BUDAPEST, Hungary -- Hungarian police detained former Prime Minister Ferenc Gyurcsany and several other opposition politicians Friday during a protest against government policies outside Parliament.
Gyurcsany, two lawmakers from his Democratic Coalition and about a dozen lawmakers from Politics Can Be Different were taken away in police vehicles when security officials broke up the protest in which politicians chained themselves to pillars at the legislature's car entrances.
Police also detained Attila Mesterhazy, the leader of the Socialist Party, the largest opposition group, and other party leaders who tried to prevent police from detaining the other politicians.
The protest was organized by Politics Can Be Different, the smallest faction in Parliament, which announced a "new opposition" to the regime of Prime Minister Viktor Orban.
Gyurcsany was released early Friday afternoon.

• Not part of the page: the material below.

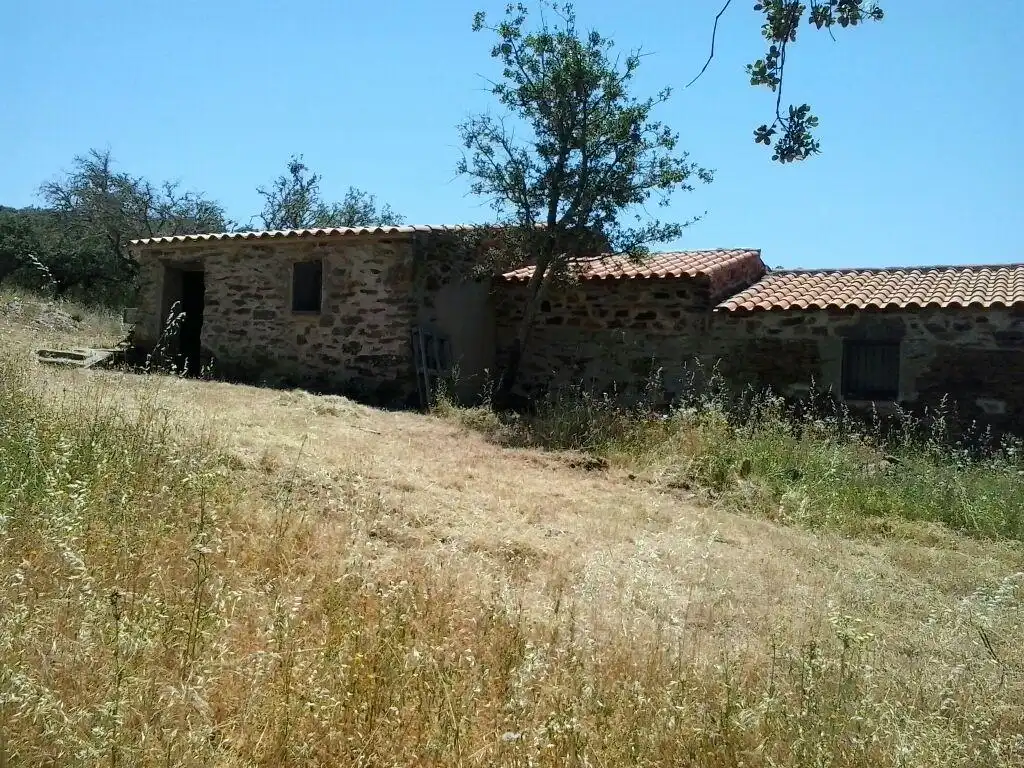 Außenansicht von Residential zum Verkauf in Valverde del Fresno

"My detention was a total absurdity," Gyurcsany told the AP by phone. "I was not an active participant in the protest and I was there simply to express my solidarity with the successful LMP action," he said in reference to the Hungarian acronym for Politics Can Be Different.
Gyurcsany, who broke away from the Socialists and formed his own party earlier this year, resigned as prime minister in 2009, a few months after Hungary was forced to ask the International Monetary Fund and other lenders for a standby loan of euro20 billion ($26 billion) to avoid bankruptcy.
In September 2006, weeks of protests and rioting took place after the broadcast of a secret speech by Gyurcsany to Socialist lawmakers in which he admitted lying about the economy to win the elections.
Inside Parliament Friday, government lawmakers were in the process of approving several contentious laws, including a new central bank law that has drawn criticism from the European Union because it could limit the independence of the National Bank of Hungary led by Andras Simor, who has come under frequent attacks from Fidesz, Orban's party which has a two-thirds legislative majority.
One of the most disputed plans would open the way for the merger of the central bank with Hungary's financial regulator, diminishing the authority of the central bank's president.
Other laws on Friday's agenda included a new electoral law, which critics say could give Fidesz an unfair advantage, and a so-called "stability law" which would entrench the new flat income tax and make it very difficult for future governments to change the tax code.